A reader sent me an article about something intriguing he noticed in Google results. He was wondering if any of you have noticed it too. I contacted Google to see what they might say, and here's what they told me: "We crawl the web continuously and schedule visits to each page intelligently to maximize freshness." Of course, to maximize intelligently, one has to experiment. In fact, Google has a blog post about their various experiments: From time to time, we run live experiments on Google — tests visible to a relatively few people -- to discover better ways to search. We do this because there’s no good substitute for understanding how real people, in real-world situations, actually operate. Theories are fine, but “improving the user experience” really happens best when we understand what people do online.

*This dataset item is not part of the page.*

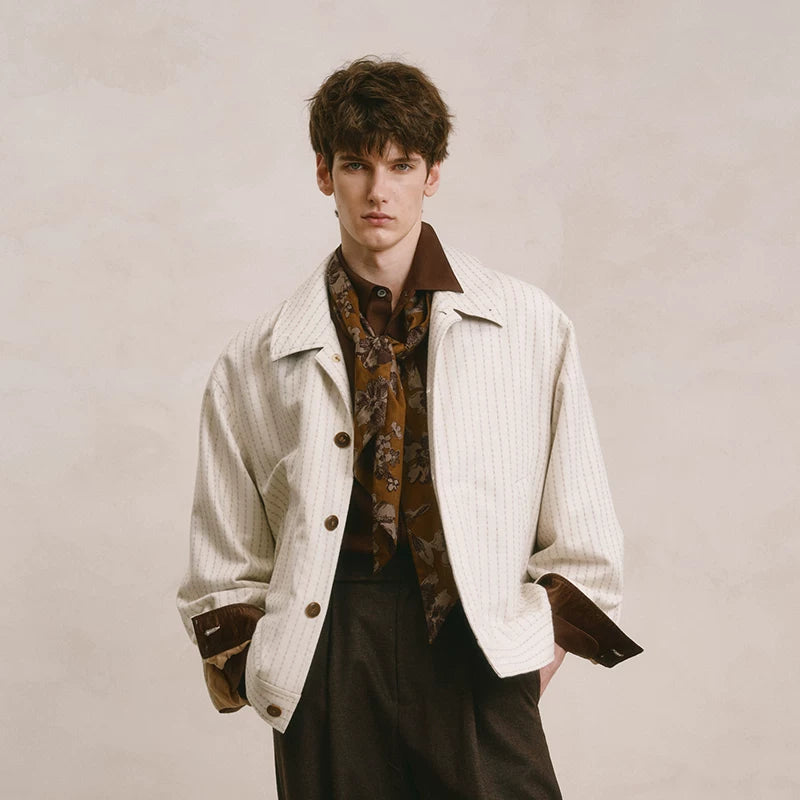 Striped Cotton Canvas Chore Jacket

So to learn more, we sometimes randomly select a group of people to see a possible improvement to search options. Or we may select a group of people and try out a new element while they're searching. If you ever wonder why your Google site looks slightly different from that of the person sitting next to you, this is why. He seems to have hit on one. So, take a look and see what you think.
*********************************
Google Taking Blog Comments Searching Real-Time?
~ by Bill Binko
I have come across some anecdotal evidence that something is
happening at Google that I thought Groklaw members would
appreciate. I have checked with other search engines (Yahoo!, MSN,
and Ask plus some smaller players) and this seems to be uniquely a Googlism.

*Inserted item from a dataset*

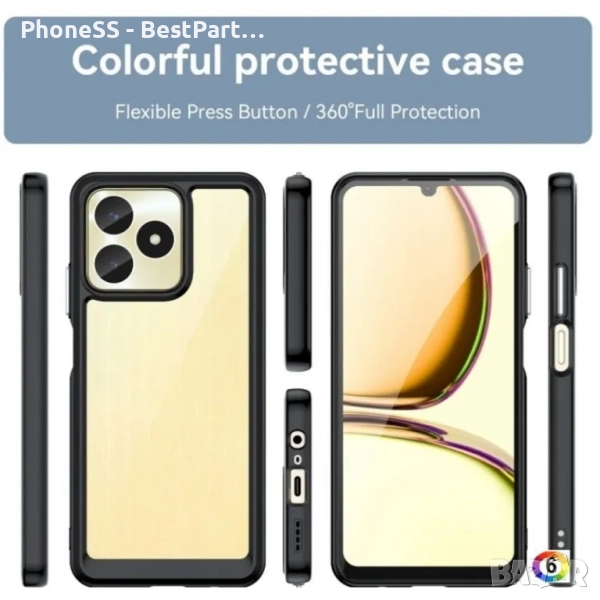 Прозрачен кейс с черна рамка за Realme C11, снимка 1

It seems that Google has massively increased its capacity to perform
full-text searches for current, dynamic content. Specifically,
posts and public comments are now indexed and full-text-searchable
in minutes, not days if the page is listed in the site's RSS or Atom
feed. Even smaller sites, such as small-town newspapers and niche
community sites, seem to be included in this new system.
Perhaps as interesting, these recent posts are often being given
top-billing in the search results, showing that Google may be
slanting its bias away from "established" pages with a longer
history, and towards "current" information. This seems in line with
the FAQ on FeedBurner.com (which Google recently acquired):
Q. Why did Google acquire FeedBurner?
A. Google believes that feed-based content and advertising is a
developing space where we can add value for users, advertisers
and publishers. FeedBurner's technology and talented team are a
great addition to Google's current solutions for advertisers and
publishers.
Background
Over the past couple of weeks, I have noticed that my Google Alerts
were getting more and more rapid. That is, the time between the
content being made available on the net and the time Google notified
me of it via an Alert was dropping fast. This was even true when
the content was posted on smaller sites, such as a local
(small-town) newspaper site.
I assumed that Google was focusing on RSS/Atom feeds and that they
had just increased their crawl rate. However, I believe it's much
more than that.
A few days later, I was reading an
article on Slashdot, and one of
the comments held this quote (which I really like):
"Nihilism means nothing to the dancing peasants."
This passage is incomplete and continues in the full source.